_Task directions_. Exact copies of the lines below, from the one with "CC Scarf 190" up to and including the one with "Moška zimska bunda", are what this calls for; leave out pictures.

_Data for the task_.
━━━━━━━━━━━━━━━━

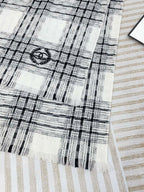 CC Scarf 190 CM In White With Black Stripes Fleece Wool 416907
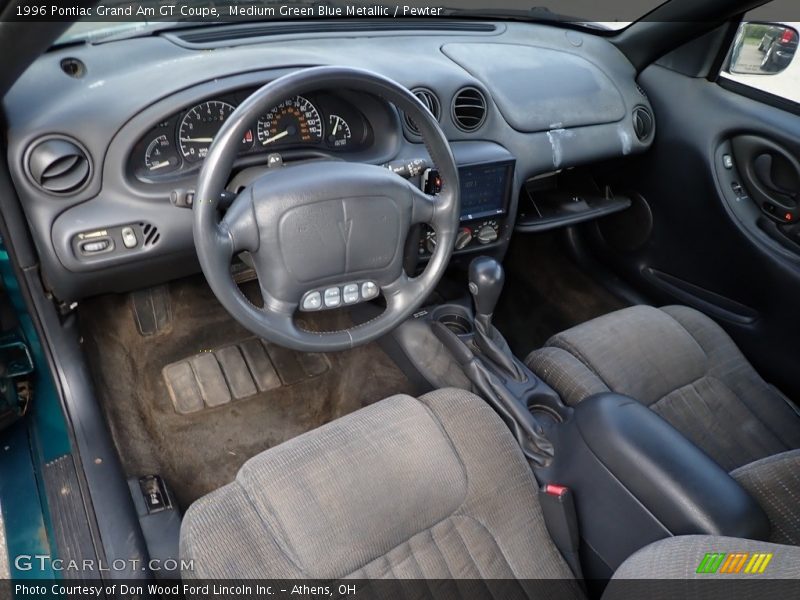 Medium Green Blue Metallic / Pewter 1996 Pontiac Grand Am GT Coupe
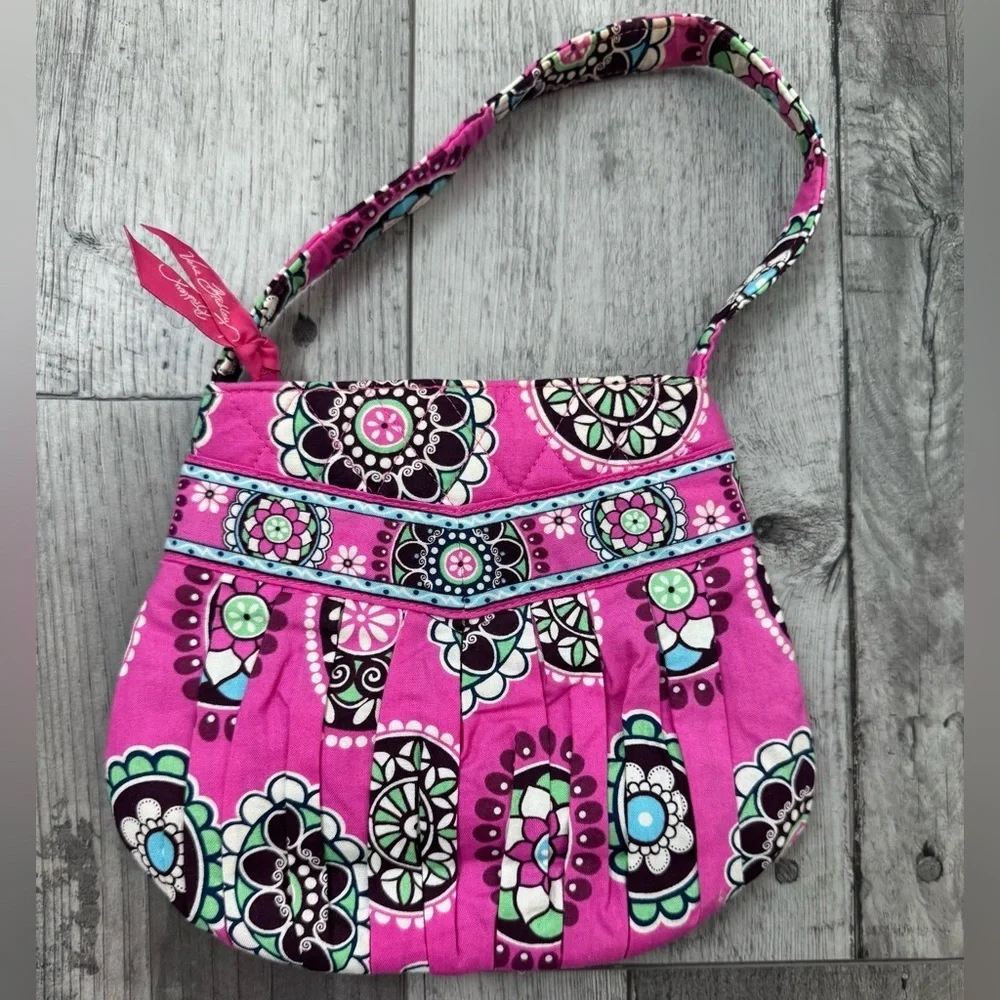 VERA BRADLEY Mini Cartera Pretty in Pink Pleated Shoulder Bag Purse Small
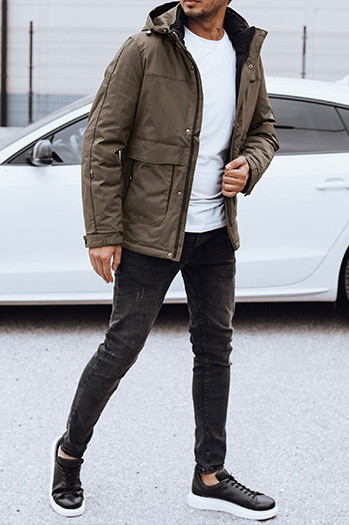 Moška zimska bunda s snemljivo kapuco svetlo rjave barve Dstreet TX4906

━━━━━━━━━━━━━━━━

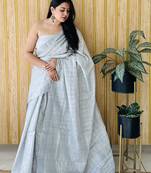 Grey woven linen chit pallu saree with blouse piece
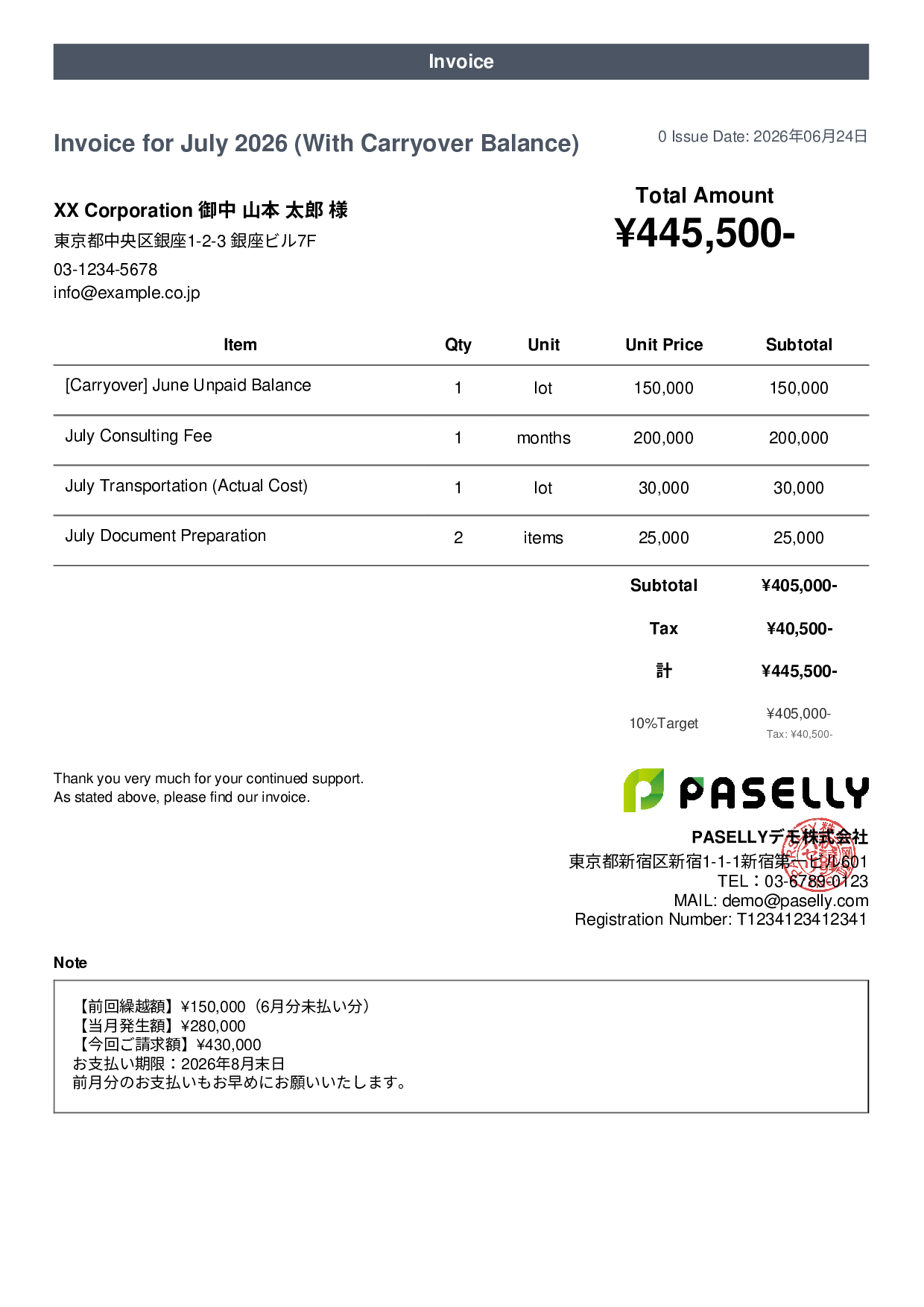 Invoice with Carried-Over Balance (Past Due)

━━━━━━━━━━━━━━━━

_Exercise answer_.
 CC Scarf 190 CM In White With Black Stripes Fleece Wool 416907
 Medium Green Blue Metallic / Pewter 1996 Pontiac Grand Am GT Coupe
 VERA BRADLEY Mini Cartera Pretty in Pink Pleated Shoulder Bag Purse Small
 Moška zimska bunda s snemljivo kapuco svetlo rjave barve Dstreet TX4906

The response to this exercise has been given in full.